Recently, we came out with a brand new version of our face recognizer. As is usually the case, once they are happy with the accuracy they hand it off to me to see if I can speed it up.
for i in range(face_list1):
for j in range(face_list2):
answer[i,j] = compare(face_list1[i], face_list2[j])
When you look at this code, notice how threadable this problem is. These comparison operations are completely independent, numerous, and sizable amounts of computation. This is a concurrent programmer's DREAM problem. So when it came time to parallelize this algorithm, I wasn't worried. This is what one might refer to as an embarrassingly parallel problem. Our speed-up should be identical to the number of CPU cores.
So I sat down, as I've done many times, whipped up a little thread pool, instantiated my thread-safe queue with a mama-process for feeding the workers. We generate a to-do list, dump them all on the queue, and have the worker threads go to town on the other end of that queue. This is a pretty standard solution. Before lunch I was ready to fire it up and I saw the most beautiful thing a concurrent programmer can ever see:
PID USER PR NI VIRT RES SHR S %CPU %MEM TIME+ COMMAND 32603 louis 16 0 246m 24m 4620 S 800 4.8 0:09.12 recognizeJust in case you aren't familiar with the output of top, this is showing my program using all 8 CPU cores (dual quad-core). Problem solved. I went to lunch.
# pythonic psuedo code
for face1 in face_list_a: # on the order of 1000
for face2 in face_list_b: # on the order of 1000
for feature in features:
feature_list[feature] = extract_feature(feature, face1, face2)
answer[face1][face2] = classify(classifier, feature_list)
This may require some explanation for people without any pattern recognition background.

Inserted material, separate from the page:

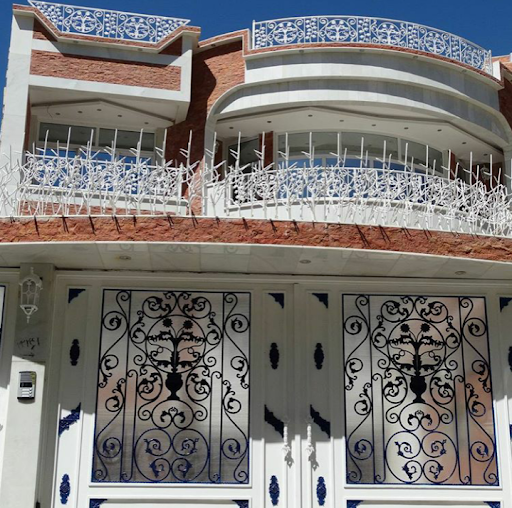 درب پنجره سازی پروفیل نسیم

First, every face is made up of a set of features. Think of a feature as some measurement (like eye color). How are features chosen, or generated? Go take that pattern rec class. We extract all of the features from our faces and dump them into our classifier which is able to determine a likelihood of a match.
for f in feature_list:
for face1 in face_list_a: # on the order of 1000
for face2 in face_list_b: # on the order of 1000
feature_lists[face1][face2][f] = extract_feature(f, face1, face2)
for face1 in face_list_a:
for face2 in face_list_b:
answer[face1][face2] = classify(classifier, feature_lists[face1][face2])
This means we use the same feature for every input first and once we are done with it, we move on to the next one. This allows each successive comparison between faces to take advantage of the caching done in previous comparisons.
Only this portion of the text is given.